None of this was specifically pre-ordained and I would argue, that for most of us, not a lot of it was planned.  And if it was planned, was it planned in response to some event?  I have a friend who hoards his money.  Growing up, his father was a gambler and often left the family in the lurch for money.  He promised to never do that when he was adult, so he invests, saves and hoards as a response.  He set up his own wiring and is now “stuck” with that why — and no amount of money in the bank will ever be enough to change his behavior. Unless….

When we can identify where out “wiring” comes from, we can then do something about it.  This is what I call “drawing a door.” Humans are merely stimulus response machines, and our responses get programmed over the years. When we can distinguish a thought process as one we created as a response to some past experience, we can then intervene and create new, more empowering responses.

Victor Frankl, author of “Man’s Search For Meaning” says, “Between stimulus and response there is a space. In that space is our power to choose our response. In our response lies our growth and our freedom.”  As far as we know, of the creatures on earth, humans are unique in this ability. Why not plug in to allow us to create more freedom and more choice in our lives?

I have always stressed over money.  Thinking about money brings on a level of anxiety and stress that is so familiar I wouldn’t know how to handle ease around it.  But I am shifting that response.  Last year I participated in a wealth building class that not only taught me more about managing money but also helped me understand my juvenile attitudes towards it and a more mature way to manage my money.  I stress less now than I ever did.  I have brought faith and trust and an action plan into my money management.  I have never been homeless.  I have never missed a meal due to poverty.  My money anxiety was a learned motivational response, and I am reprogramming that response with a focus on my why and a trust that it will go the way I am focused on having it go.
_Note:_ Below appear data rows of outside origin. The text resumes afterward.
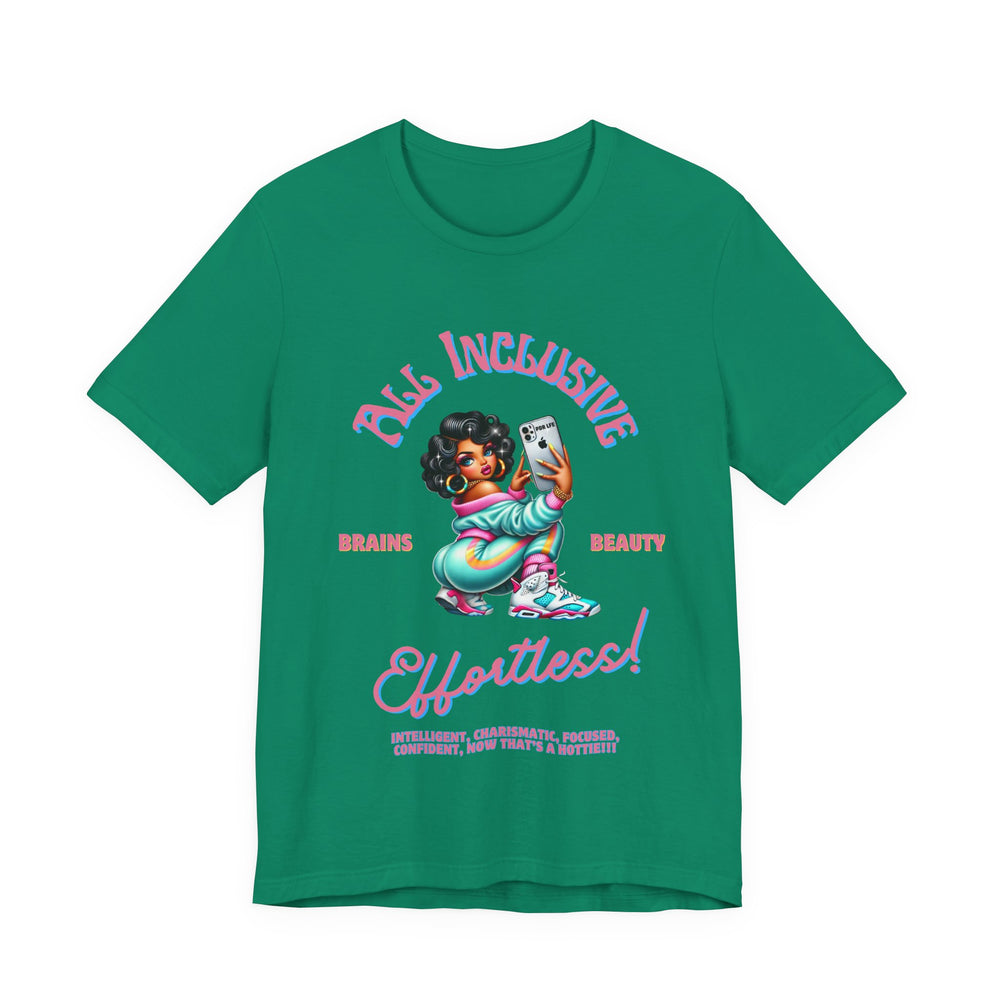 Green Kelly t-shirt with graphic design and text on a white background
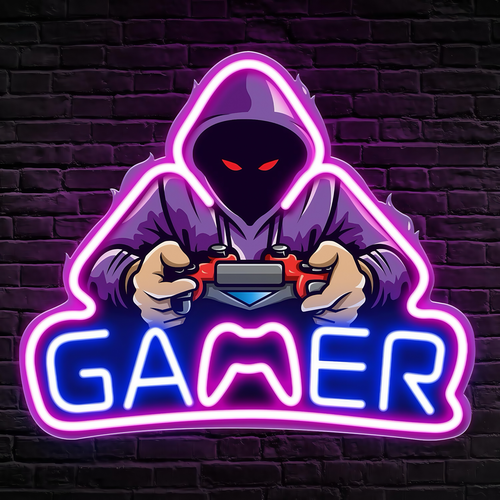 Gamer neonskylt med LED-ljus - Stor modell 39x33 cm, perfekt för gamingrum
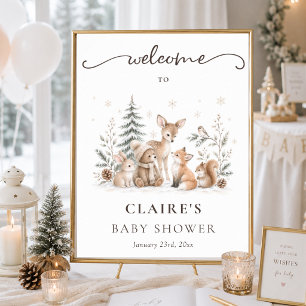 Willkommensschild für Baby Shower im Winterwald-Ti Poster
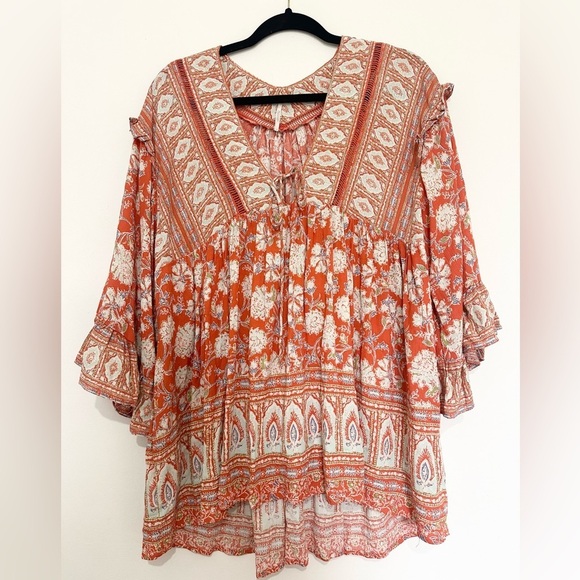 Free People Moonlight Dance Printed Tunic Top Size XS 100% Viscose boho indie - Picture 1 of 4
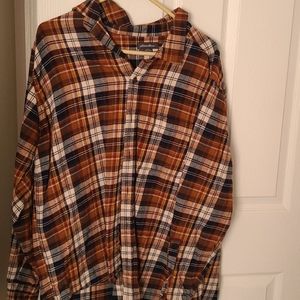 Orange/Navy/White Plaid Button Up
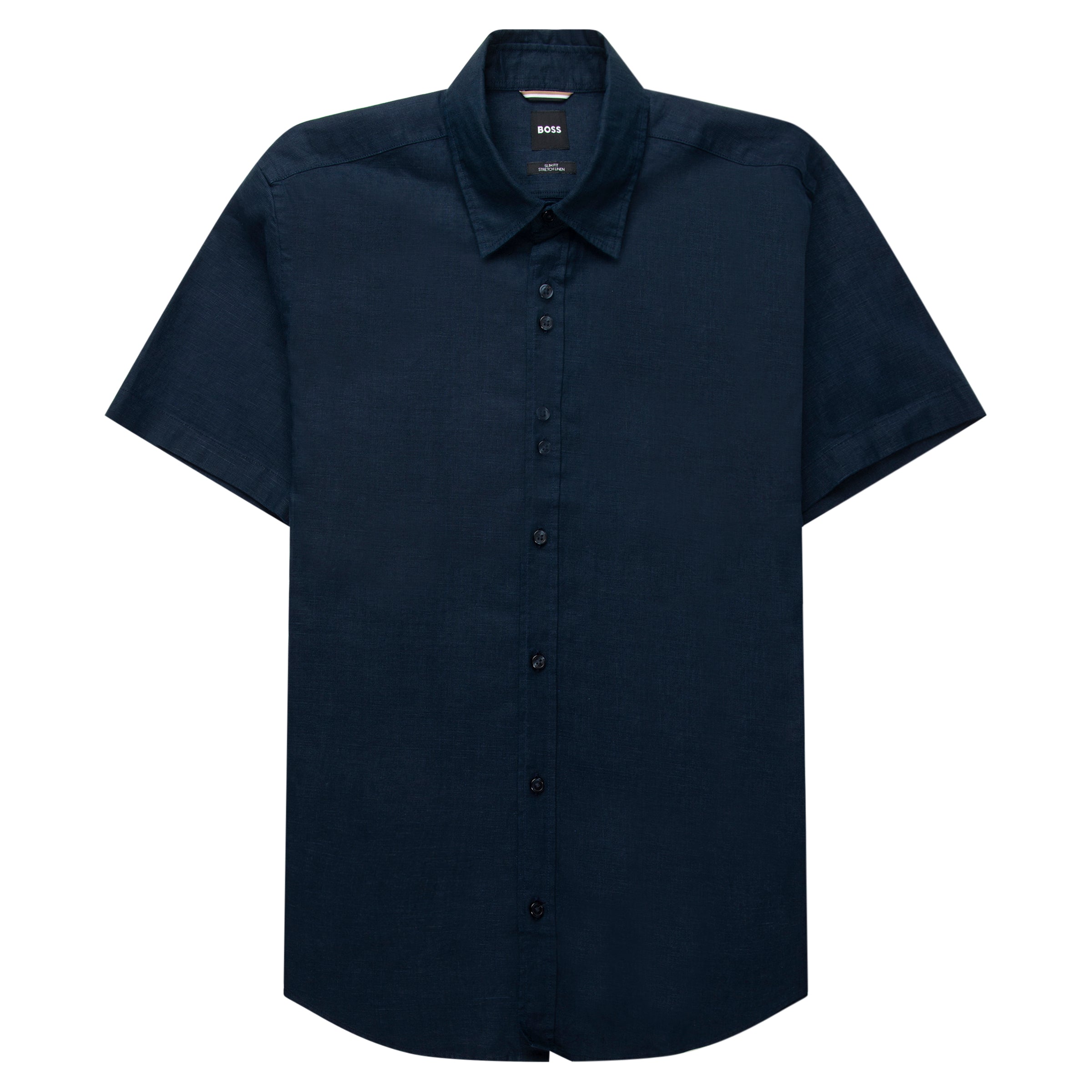 Boss Navy C Roan SS Linen Stretch Shirt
When we look at our why, we could look at past experiences that created a response to a threat or fear, real or perceived, that fixed a response we continue to justify and suffer with – or be empowered by it.  But have you actually investigated it? 

We could look at a why from a commitment to a future.  People become doctors because they genuinely want to heal others and have a love of caring for and making people well.  My friend Brad became an insurance agent to help people protect themselves from unforeseen accidents and trauma.  He was protected when his family was blindsided by a major illness, and he wants to make sure every family is protected.  Perhaps his choice of professions was guided by circumstance and reaction, but what drives him to be successful, what motivates him to get up every day and make phone call and quote leads is his why – his vision to protect families and hard-earned wealth.

A why can be a default response, a belief in that’s how it needs to be.  Or it can be created, as a vision for future that inspires you. 

Why does it matter?  Are we living life by default or are we creating our own experience that leaves us inspired, motivated, energized and fulfilled or just slogging through another day?